I'm pretty happy here in my little neck of the woods wearing my coveralls, naval boarding party with boots, shine if you feel like them.  However, since my dolphins aren't cool enough, I can't wear that as walking out dress like the clearance divers, submariners or port inspection divers can...but I'm working on it.  I wear combats then with boots, combat, just brushed since I haven't been lately.

MM


----------



## Fishbone Jones (8 Jul 2011)

Haggis said:
			
		

> I still have mine and I'm dying to wear it with CADPAT, pressed, of course, with trousers bloused and weighted over spit shone combat boots.
> 
> Hey Jim!  I sense a parade in the making!!!!




Ooooooo. I know exactly where mine is, and my SSF boots too. Bring it on!!! Who gets to stand in front if we're all MWO's though?


----------



## Kat Stevens (8 Jul 2011)

The firing squad?


----------



## Fishbone Jones (8 Jul 2011)

Kat Stevens said:
			
		

> The firing squad?



I'm sure there are more than a few that truly agree there Kat


----------



## Danjanou (8 Jul 2011)

recceguy said:
			
		

> Ooooooo.

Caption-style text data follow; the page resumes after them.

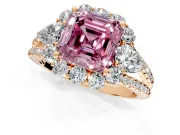 Halo Engagement Ring Setting for Fancy Pink Asscher Cut Center with Two-Strand Split Shank and Prong Head in Rose Gold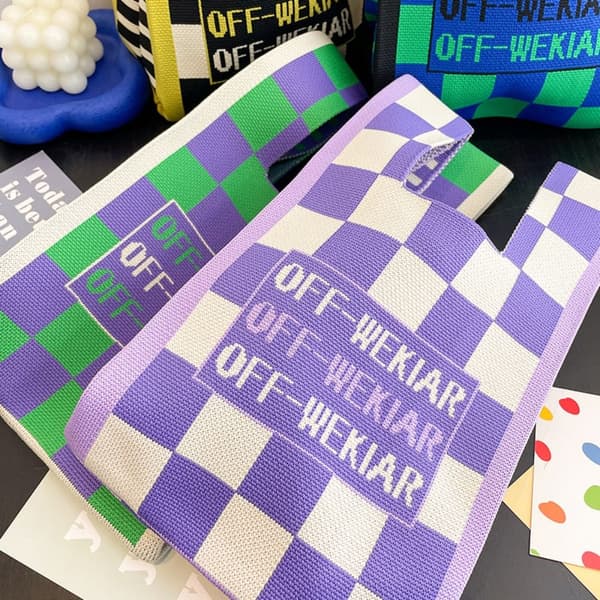 Stickad rutväska för kvinnor Canvas Tote Axelväskor 4 4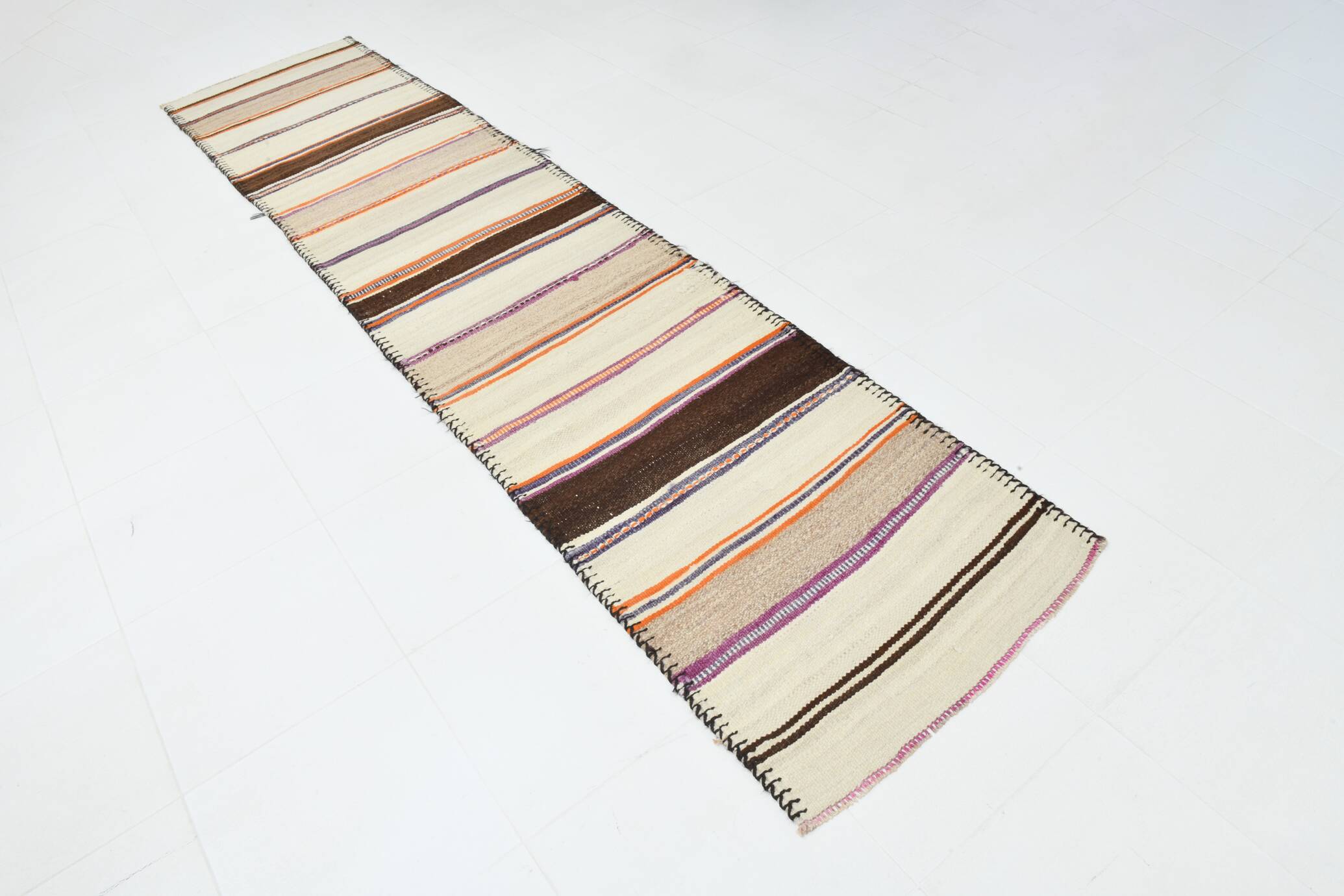 2x11 Brown & Cream Vintage Kilim Runner Rug, 75x337Cm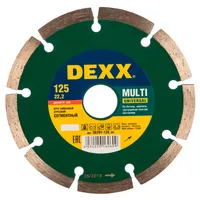Круг алмазный отрезной универсальный сегментный для УШМ DEXX "MULTI UNIVERSAL" 125х22.2мм 36701-125_z01
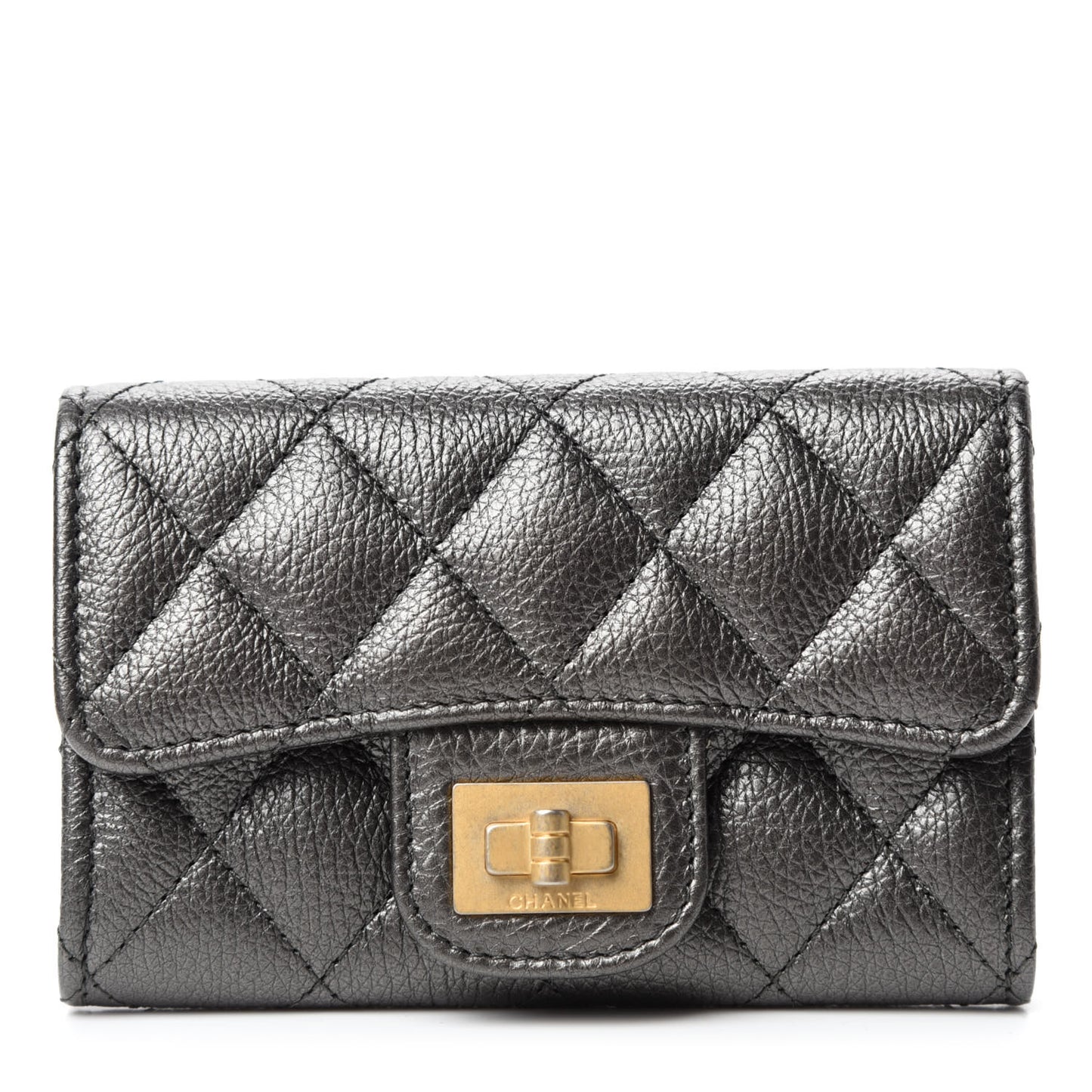 Metallic Calfskin Quilted Reissue Flap Card Holder Charcoal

I know exactly where mine is, and my SSF boots too. Bring it on!!! Who gets to stand in front if we're all MWO's though?



Your ascot is probably a crown royal bag ;D


----------



## Fishbone Jones (8 Jul 2011)

Danjanou said:
			
		

> Your ascot is probably a crown royal bag ;D



Wrong neck, wrong head


----------



## Danjanou (8 Jul 2011)

recceguy said:
			
		

> Wrong neck, wrong head



Well if we go with the nekkid pict solution you're covered then.  8)


See what I did there booys and girls.


----------